Evan: Yes, totally. Presto is super fast, and that’s why I like it. and it’s an sequel I’m pretty much I’m pretty sure it’s r pretty easy for anyone who writes SQL to adopt to the query language. In our on-prem world, we were running an old version of Hive on a single, big cluster where we couldn’t scale up or down, and we couldn’t pick different versions of software. Running Hive for, let’s say like one table, you’d only need to join but you want to just group and and aggregate a small single partition of that.
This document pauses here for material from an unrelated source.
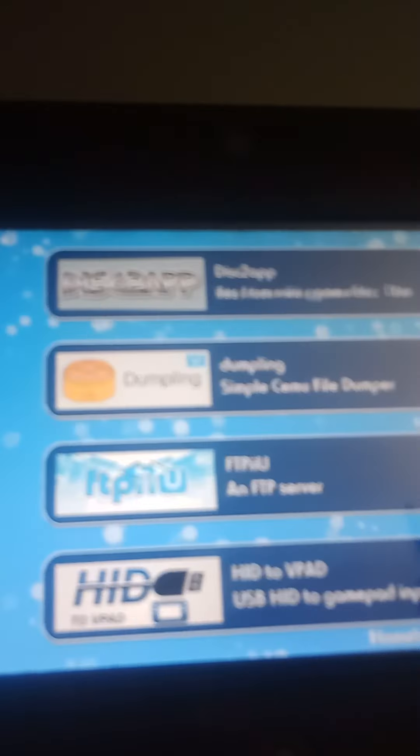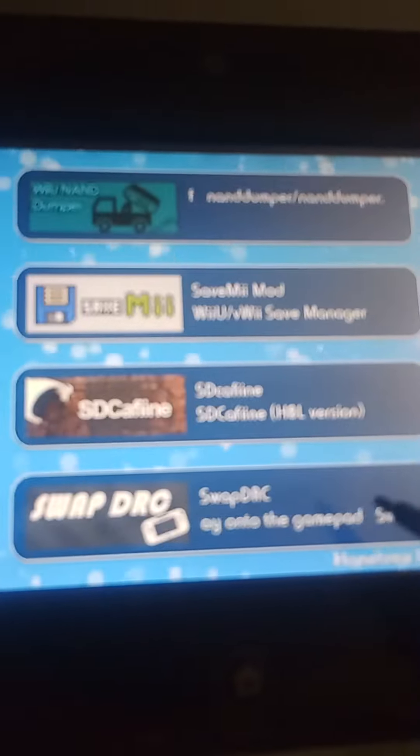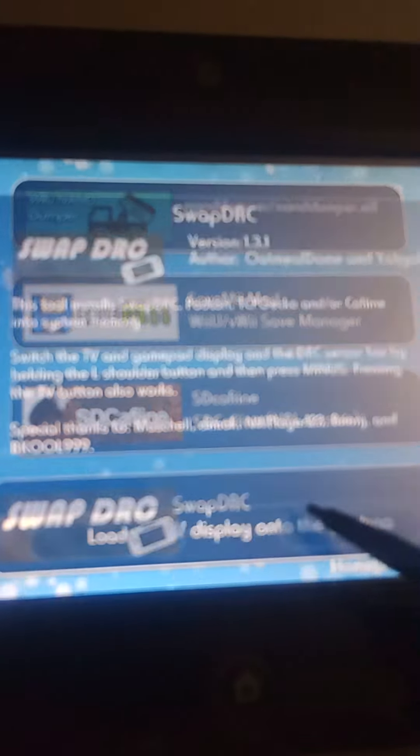What you want to do is have your homebrew software, go to the homebrew launcher, and go over to Swap DRC.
You’ve got a lot of overhead for your Hive job and it’s gonna take a while. Going from that, to running those same queries with presto or orders of magnitude faster which is great for the interactive use case where you’re not planning off this one query to run for three hours, and thinking really hard about the query before you write. You’re just saying like, “Okay, I’ve got this one idea. I want an answer, and that answer is going to inform my next query. So this is really interactive way to do things. Presto was great for that, super fast, but ultimately just less fault tolerant. That’s why it doesn’t get use as much for production stuff.